On Sunday morning we will respond to the key note and themes which have arisen during our discussions on Saturday.

Then there is one more round of reflection until lunch and close at 12.30 on Sunday.

Look forward to seeing you there.

Just 5 days left to claim your early-bird discount -Complexity and Management Conference 3-5th June 2022

When we talk about the theory of practice and the practice of theory, does this mean that the conference is going to be very dry and abstract? The focus of the research community which organises the annual Complexity and Management Conference is on human beings and the complex dynamics they get caught up in when they try and get things done with other people. So we are interested in what we say and do, what we think we mean when we say particular things, how trying to go on together sometimes brings about the opposite of what we intend, and how our identities are changed in the process. We are concerned with reflecting on, and becoming reflexive about everyday organisational dilemmas.

The conference begins with a gala dinner on Friday 3rd June @7pm and welcome drinks.

The mode of the whole conference is conversational. This year we are delighted to have engaged Prof Davide Nicolini of Warwick Business School to give the key note because of his insightful work on the importance of practical knowledge.

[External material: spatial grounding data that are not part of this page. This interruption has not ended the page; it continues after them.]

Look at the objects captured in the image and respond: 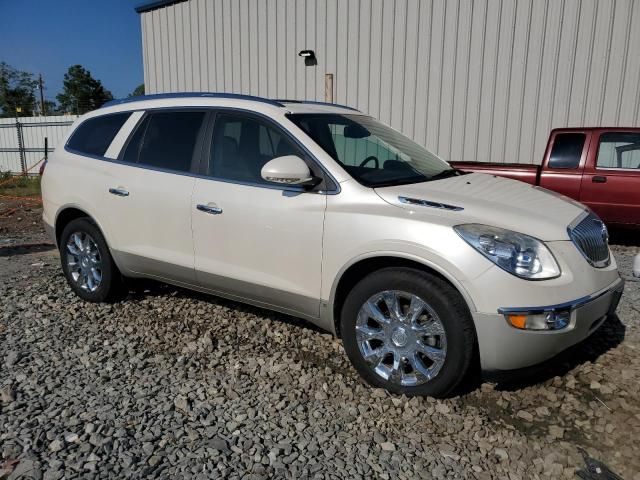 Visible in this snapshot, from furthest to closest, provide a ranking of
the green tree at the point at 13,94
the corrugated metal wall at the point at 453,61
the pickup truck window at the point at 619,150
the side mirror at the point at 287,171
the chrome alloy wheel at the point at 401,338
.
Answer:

There is an opportunity for delegates to present their ideas too, on Saturday afternoon 4th June. This might be a paper or a chapter in a book, or it might be something troubling at work which presenters want to use a group as a resource to think about.

On Sunday we reflect on what we have been talking about on Saturday with the help of faculty members from the Doctor of Management programme. Thereafter we have one more round of reflection in groups and finish off with lunch.

It’s exhausting but invigorating at the same time. Hope to see you there. Book here.

Complexity and Management Conference 3-5th June 2022 – booking now.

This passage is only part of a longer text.